Mr Tatchell was speaking at a protest outside parliament this morning, organised by the Reform Section 5 campaign: www.reformsection5.org.uk
“In 1994, I was prosecuted under Section 5 for displaying a placard that condemned the Islamist extremists of Hizb ut Tahrir who had advocated the murder of LGBT people and Islamist governments like Iran and Saudi Arabia that have the death penalty for homosexuality. My placard read: ‘Islam Nazis behead & burn queers.’”
PHOTOS of today’s Section 5 protest outside parliament are below and here (free use, no charge):
“If the criminalisation of insults was abolished, the rest of Section 5, which outlaws abusive and threatening words or behaviour, would remain in force. This is quite sufficient to protect vulnerable people and communities,” added Mr Tatchell.
“While our campaign does not encourage or endorse insults, we don’t believe they should be criminal offences. There have been too many abuses of this draconian law. Section 5 was invoked 18,000 times in 2009.
“Section 5 has been used against a student who joked that a police horse was gay, a pensioner who said that religious beliefs were fairy stories, a street preacher who criticised homosexuality as immoral and a youth who condemned Scientology as a dangerous cult.
“The Home Office is still considering its response to the public consultation, which saw many people make the case for the removal from Section 5 of ‘insulting words or behaviour.’ Civil liberties campaigners, faith groups and secular organisations have joined forces to have the phrase removed on the grounds that it restricts free speech and unfairly penalises protesters and preachers.
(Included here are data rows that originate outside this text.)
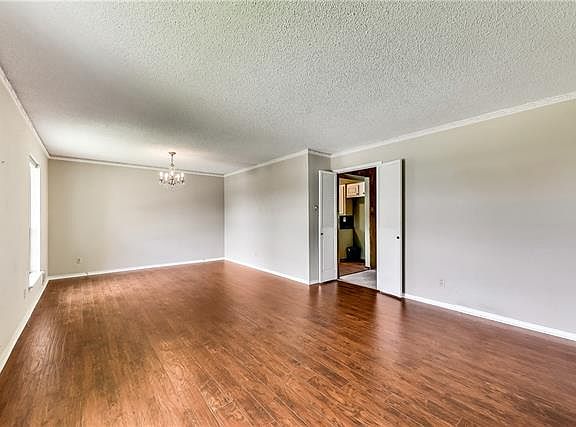 3rd image of 9423 Buxhill Dr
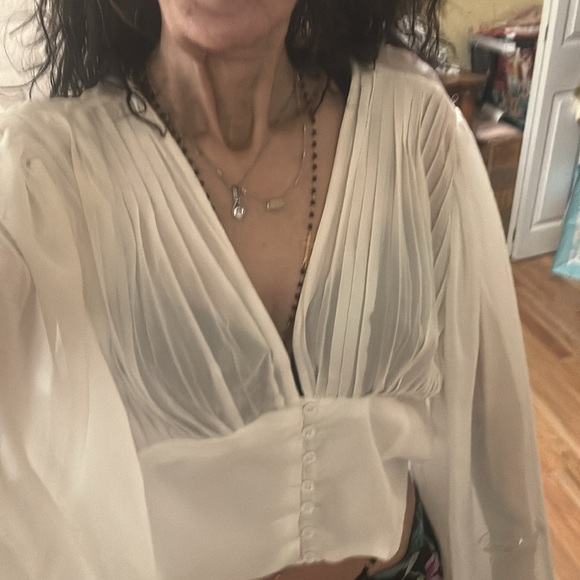 White blouse you can use from work to going out on the town - Picture 4 of 5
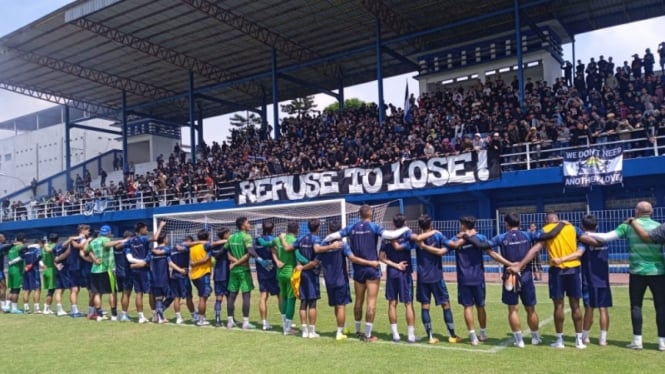 Bobotoh memberi semangat kepada para pemain Persib Bandung jelang lawan Persija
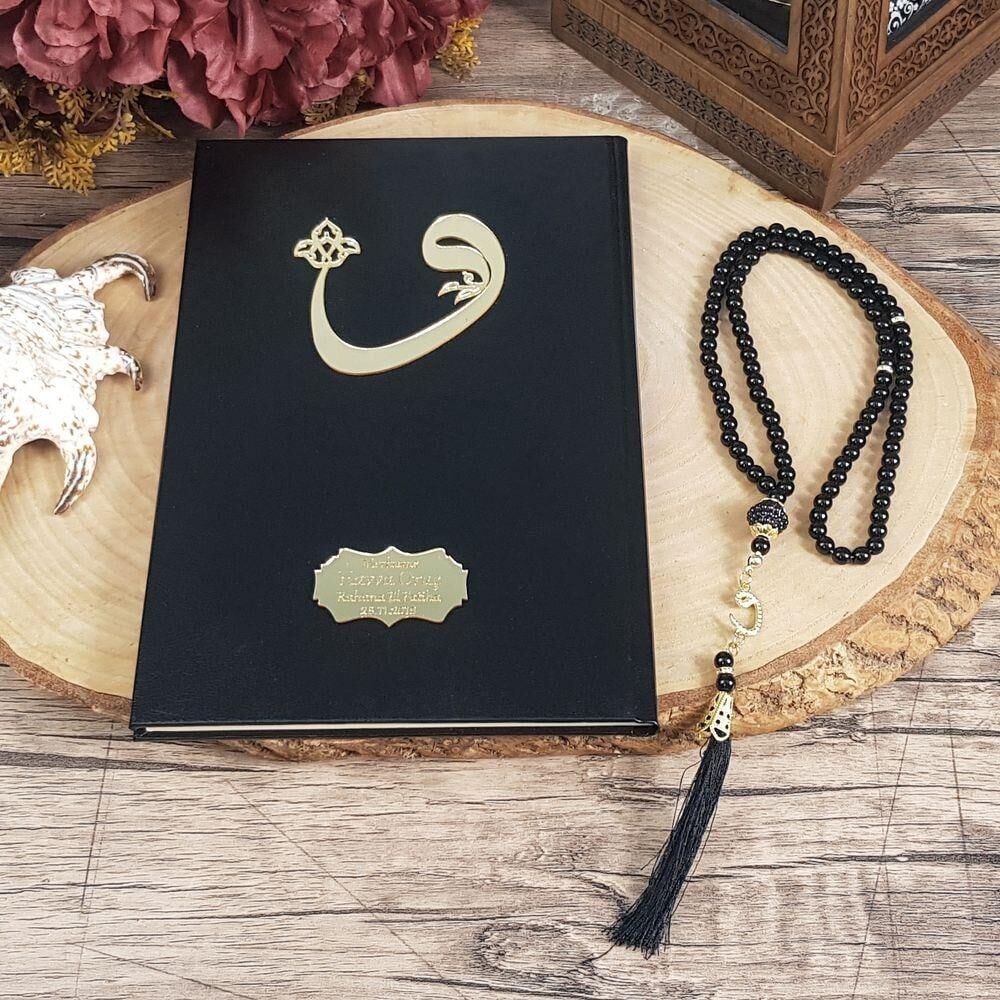 Hediyelik Yasin Kitabı 50 Adet ( Ciltli) İsme Özel, İnci Tesbih, Asetat Kutulu (25×18) Mevlid Seti-Siyah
“Supporters of the campaign to reform Section 5 include: The Christian Institute, The National Secular Society, The Peter Tatchell Foundation, The Bow Group, Big Brother Watch, and The Freedom Association.
“The reform Section 5 campaign has cross-party support in parliament. A ComRes poll found that 58% of MPs support repealing the insults ban and 62% believe that the criminal law should not prohibit mere insults,” said Mr Tatchell.